Dans nos sociétés contemporaines, certains éléments de la nature tels l'air ou l'énergie solaire échappent encore à l'appropriation privée et au commerce, mais ce n'est plus le cas de l'eau qui est devenue un objet politique et économique majeur.

La même molécule d'eau sera considérée différemment selon les diverses étapes de son cycle ; lorsqu'elle se trouve dans l'atmosphère, les océans ou compose les êtres vivants, elle reste encore un élément sans valeur marchande, mais dans son cycle terrestre elle est devenue un objet appropriable ayant un prix ; elle est intégrée au marché. Ainsi, "l'eau courante" devient une marchandise. Elle apparaît même aux grands groupes industriels qui la distribuent et l'assainissent comme l'un des principaux marchés du 21ème siècle. Selon la Banque Mondiale, il faudrait investir 180 milliards de dollars par an pour éviter une crise majeure en 2025.

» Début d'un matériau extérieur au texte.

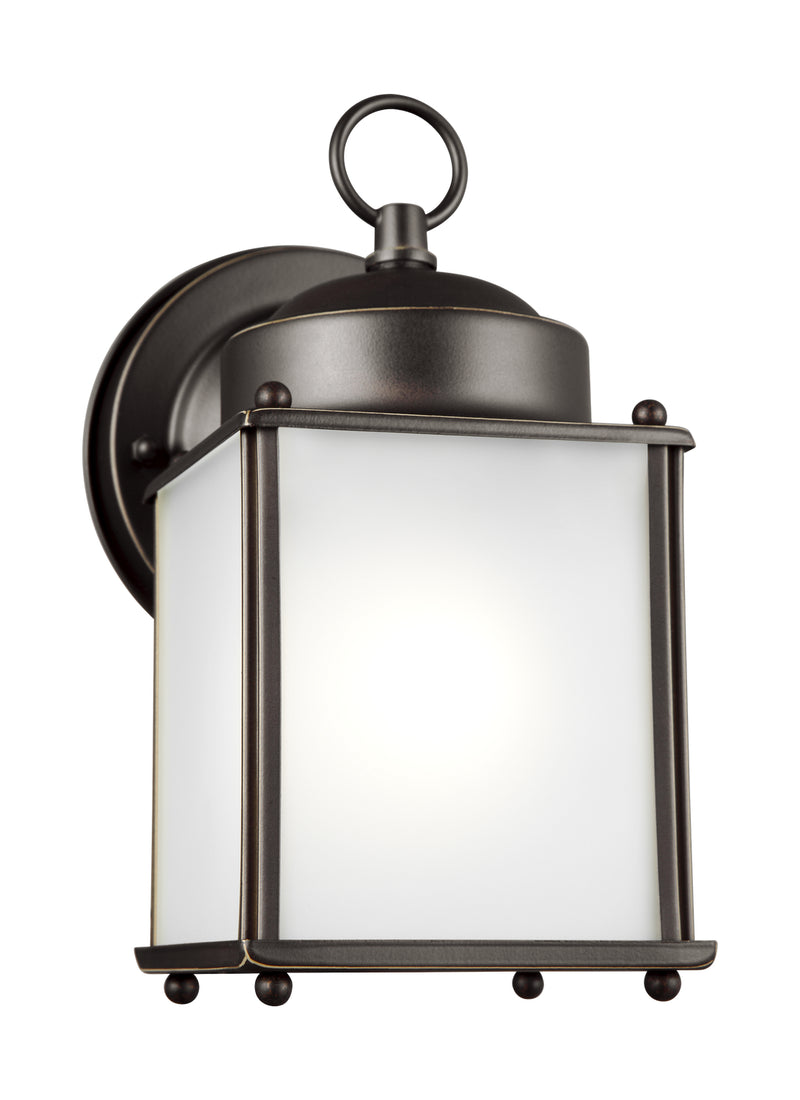 One Light Outdoor Wall Lantern<br /><span style="color:#4AB0CE;">Entrega: 4-10 dias en USA</span><br /><span style="color:#4AB0CE;font-size:60%;">PREGUNTE POR ENTREGA EN PANAMA</span><br />Collection: New Castle<br />Finish: Antique Bronze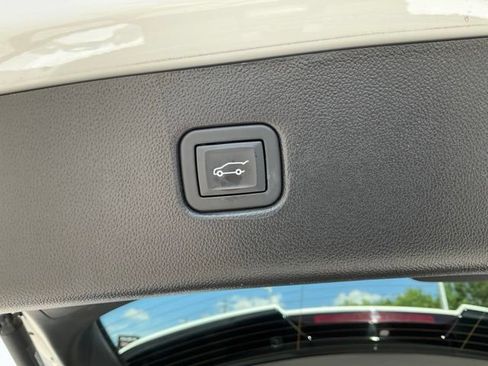 Used 2023 Chevrolet Blazer LT w/ Midnight/Sport Edition FWD image 18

Face aux réticences des usagers à accepter cette évolution marchande, faut-il leur répondre "qu'il serait temps de considérer l'eau comme une denrée négociable au même titre que le pétrole, le bois ou le charbon et de la faire payer cher parce qu'elle n'est pas inépuisable."

L'application du référent monétaire aux utilisations des eaux courantes est toujours présentée par les experts comme étant incontournable. Dans les pays développés, ce référent régule l'ensemble des rapports qu'entretiennent entre eux usagers, riverains, groupes industriels, puissance publique (par le prix et le coût, les taxes et les subventions) ; partout, il domine largement les exposés des spécialistes qui dirigent l'anthropisation du milieu aquatique terrestre.

Cette situation qui est présentée comme fatale fait pourtant l'objet d'analyses critiques, mais les enquêtes et les recherches universitaires portent surtout sur les conséquences de cette marchandisation ; ses origines et son développement historique sont rarement analysés par les spécialistes de l'eau.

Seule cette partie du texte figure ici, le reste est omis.